For a renewal counting process \(\{N(t), t>0\}\), let \(Y(t)\) be the residual life at time \(t\). The residual life is defined as the interval from \(t\) until the next renewal epoch, i.e., as \(S_{N(t)+1}-t\). For example, if we arrive at a bus stop at time \(t\) and buses arrive according to a renewal process, \(Y(t)\) is the time we have to wait for a bus to arrive (see Figure 4.5). We interpret \(\{Y(t) ; t \geq 0\}\) as a reward function. The timeaverage of \(Y(t)\), over the interval \((0, t]\), is given by5 \((1 / t) \int_{0}^{t} Y(\tau) d \tau\). We are interested in the limit of this average as \(t \rightarrow \infty\) (assuming that it exists in some sense). Figure 4.5 illustrates a sample function of a renewal counting process \(\{N(t) ; t>0\}\) and shows the residual life \(Y(t)\) for that sample function. Note that, for a given sample function \(\{Y(t)=y(t)\}\), the integral \(\int_{0}^{t} y(\tau) d \tau\) is simply a sum of isosceles right triangles, with part of a final triangle at the end. Thus it can be expressed as
\(\int_{0}^{t} y(\tau) d \tau=\frac{1}{2} \sum_{i=1}^{n(t)} x_{i}^{2}+\int_{\tau=s_{n(t)}}^{t} y(\tau) d \tau\)
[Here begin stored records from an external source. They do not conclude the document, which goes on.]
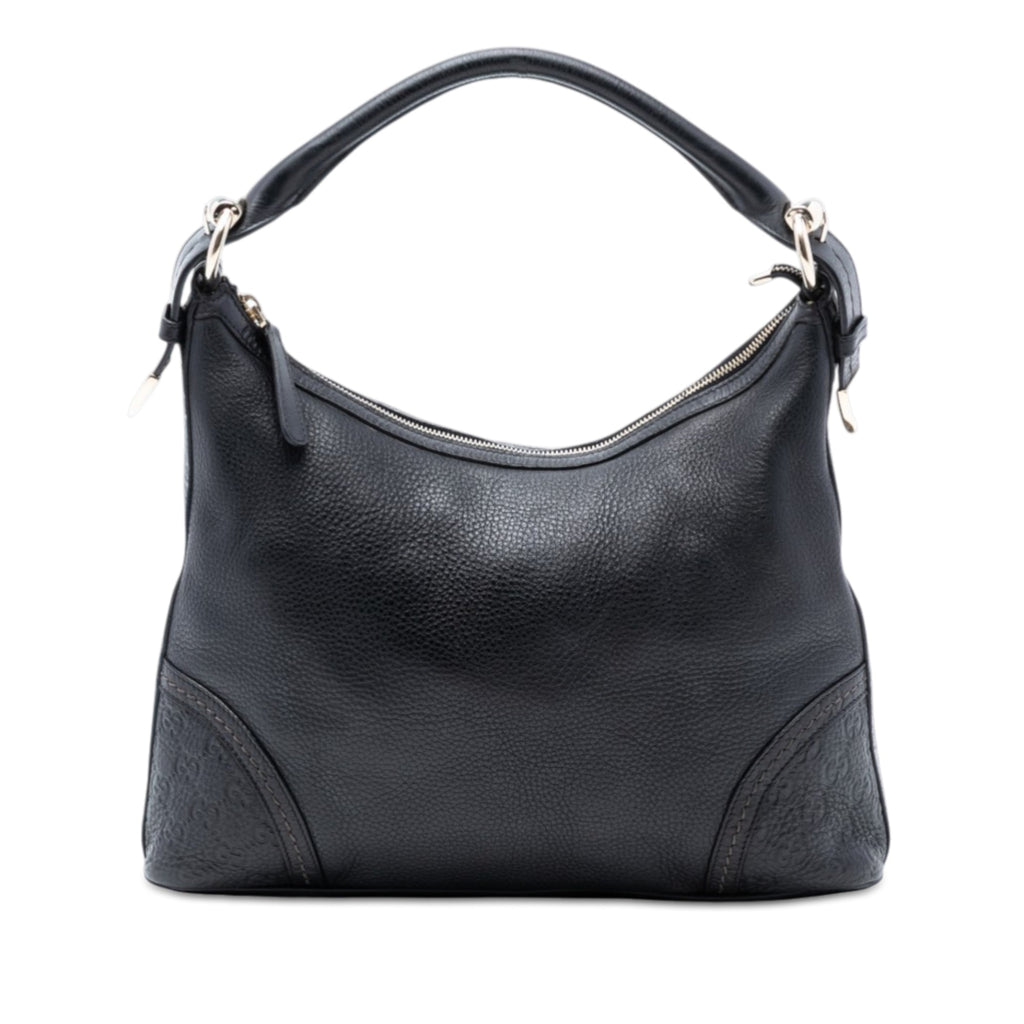 Medium Pebbled Calfskin Guccissima Trim Signoria Shoulder Bag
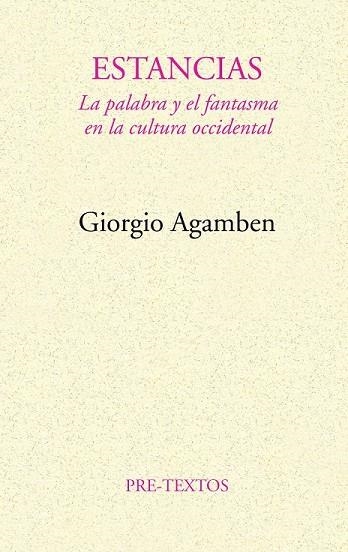 ESTANCIAS | 9788481910537 | GIORGIO AGAMBEN | Llibreria L'Odissea - Libreria Online de Vilafranca del Penedès - Comprar libros
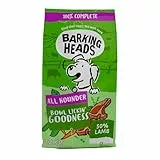 Barking Heads Chop Lickin' Lamb Trockenfutter für Hunde, 100% Natürliches Hundetrockenfutter mit Grasgefüttertem Lamm, Natürliche Tiernahrung für Ausgewachsene Hunde Aller Rassen, 12 kg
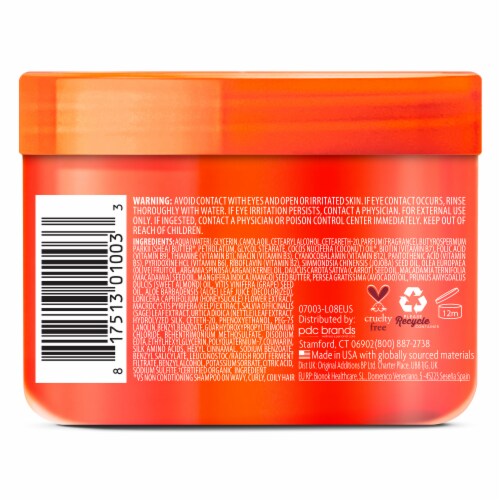 Cantu Shea Butter Coconut Curling Cream Perspective: back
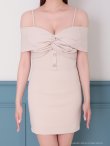 ベージュ モデル：あみ　身長：163cm　着用サイズ：Sサイズ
where \(\left\{x_{i} ; 0<i<\infty\right\}\) is the set of sample values for the inter-renewal intervals.
Since this relationship holds for every sample point, we see that the random variable \(\int_{0}^{t} Y(\tau) d \tau\) can be expressed in terms of the inter-renewal random variables \(X_{n}\) as
\(\int_{\tau=0}^{t} Y(\tau) d \tau=\frac{1}{2} \sum_{n=1}^{N(t)} X_{n}^{2}+\int_{\tau=S_{N(t)}}^{t} Y(\tau) d \tau\)
Although the final term above can be easily evaluated for a given \(S_{N(t)}(t)\), it is more convenient to use the following bound:
\[\frac{1}{2 t} \sum_{n=1}^{N(t)} X_{n}^{2} \leq \frac{1}{t} \int_{\tau=0}^{t} Y(\tau) d \tau \leq \frac{1}{2 t} \sum_{n=1}^{N(t)+1} X_{n}^{2}\label{4.11} \]
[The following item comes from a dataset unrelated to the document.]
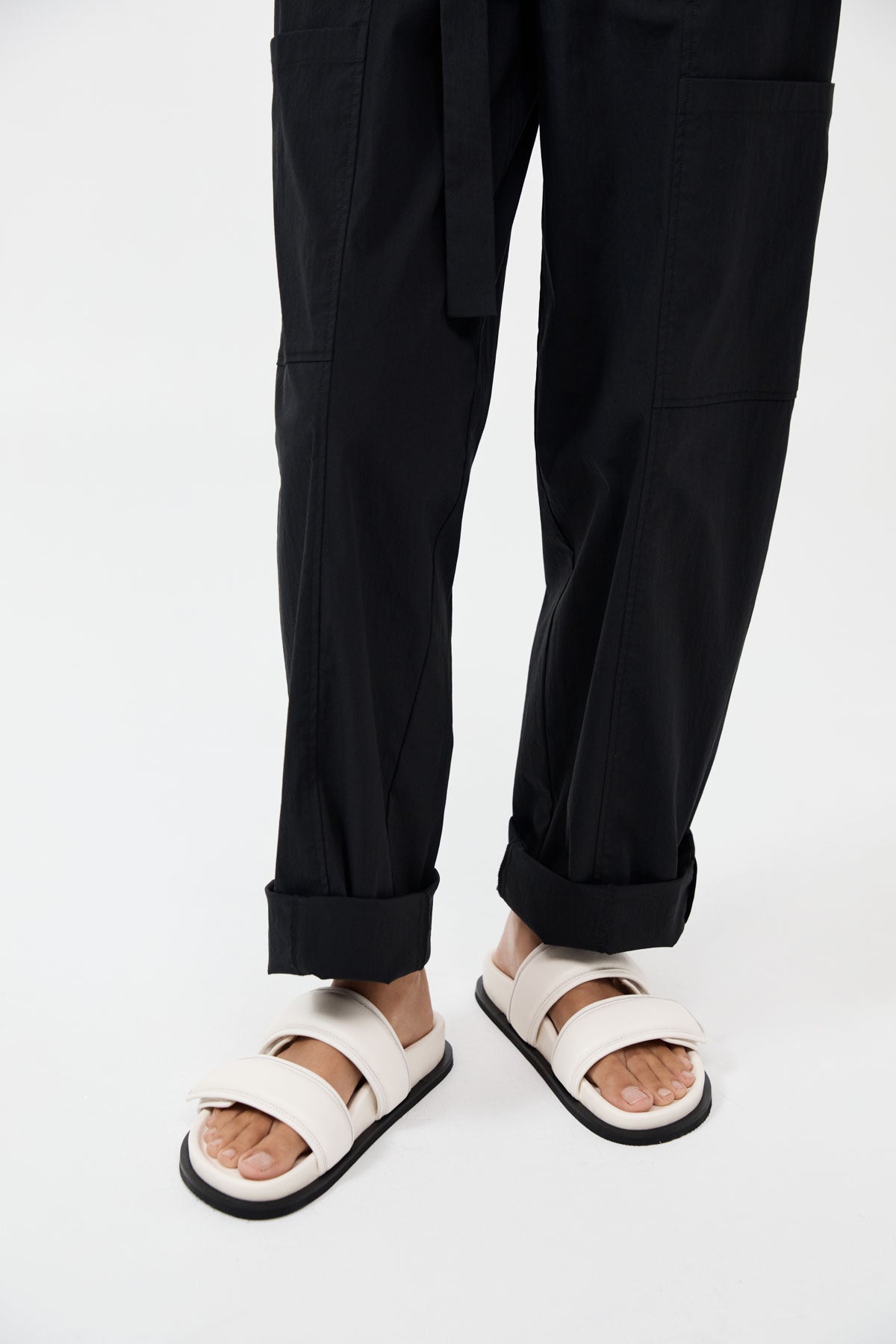 Quilted Leather Slide - Tofu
The term on the left can now be evaluated in the limit \(t \rightarrow \infty\) (for all sample functions except a set of probability zero) as follows:
\[\lim _{t \rightarrow \infty} \frac{\sum_{n=1}^{N(t)} X_{n}^{2}}{2 t}=\lim _{t \rightarrow \infty} \frac{\sum_{n=1}^{N(t)} X_{n}^{2}}{N(t)} \frac{N(t)}{2 t}\label{4.12} \]
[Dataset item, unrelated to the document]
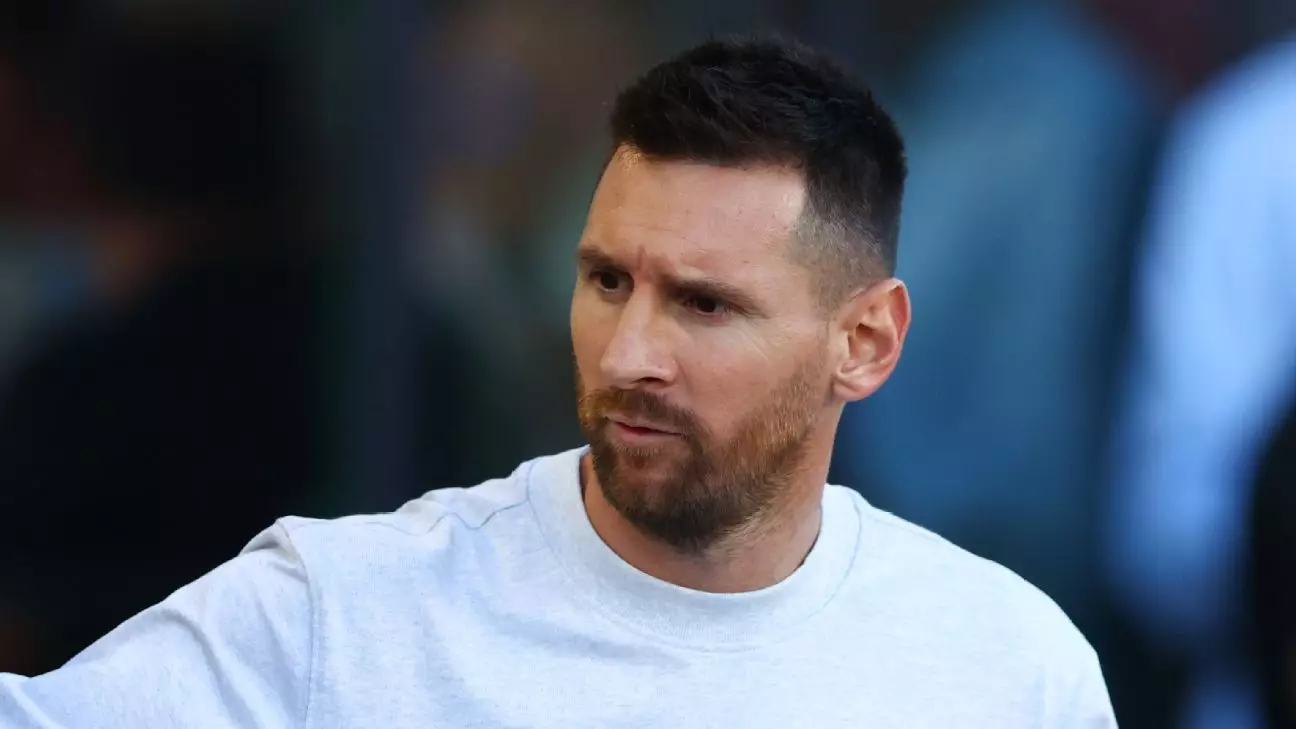 Inter Miami’s Messi to Miss Leagues Cup Clash Against Toronto FC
Consider each term on the right side of \ref{4.12} separately. For the first term, recall that \(\lim _{t \rightarrow 0} N(t)=\infty\) with probability 1. Thus as \(t \rightarrow \infty\), \(\sum_{n=1}^{N(t)} X_{n}^{2} / N(t)\) goes through the same set of values as \(\sum_{n=1}^{k} X_{n}^{2} / k\) as \(k \rightarrow \infty\). Thus, using the SLLN,
\(\lim _{t \rightarrow \infty} \frac{\sum_{n=1}^{N(t)} X_{n}^{2}}{N(t)}=\lim _{k \rightarrow \infty} \frac{\sum_{n=1}^{k} X_{n}^{2}}{k}=\mathrm{E}\left[X^{2}\right] \quad \text{WP1}\),
The second term on the right side of \ref{4.12} is simply \(N(t) / 2 t\). By the strong law for renewal processes, \(\lim _{t \rightarrow \infty} N(t) / 2 t=1 /(2 \mathrm{E}[X])\) WP1. Thus both limits exist WP1 and
\[\lim _{t \rightarrow \infty} \frac{\sum_{n=1}^{N(t)} X_{n}^{2}}{2 t}=\frac{\mathrm{E}\left[X^{2}\right]}{2 \mathrm{E}[X]}\quad \text{WP1}\label{4.13} \]
The right hand term of \ref{4.11} is handled almost the same way:
\[\lim _{t \rightarrow \infty} \frac{\sum_{n=1}^{N(t)+1} X_{n}^{2}}{2 t}=\lim _{t \rightarrow \infty} \frac{\sum_{n=1}^{N(t)+1} X_{n}^{2}}{N(t)+1} \frac{N(t)+1}{N(t)} \frac{N(t)}{2 t}=\frac{\mathrm{E}\left[X^{2}\right]}{2 \mathrm{E}[X]}\label{4.14} \]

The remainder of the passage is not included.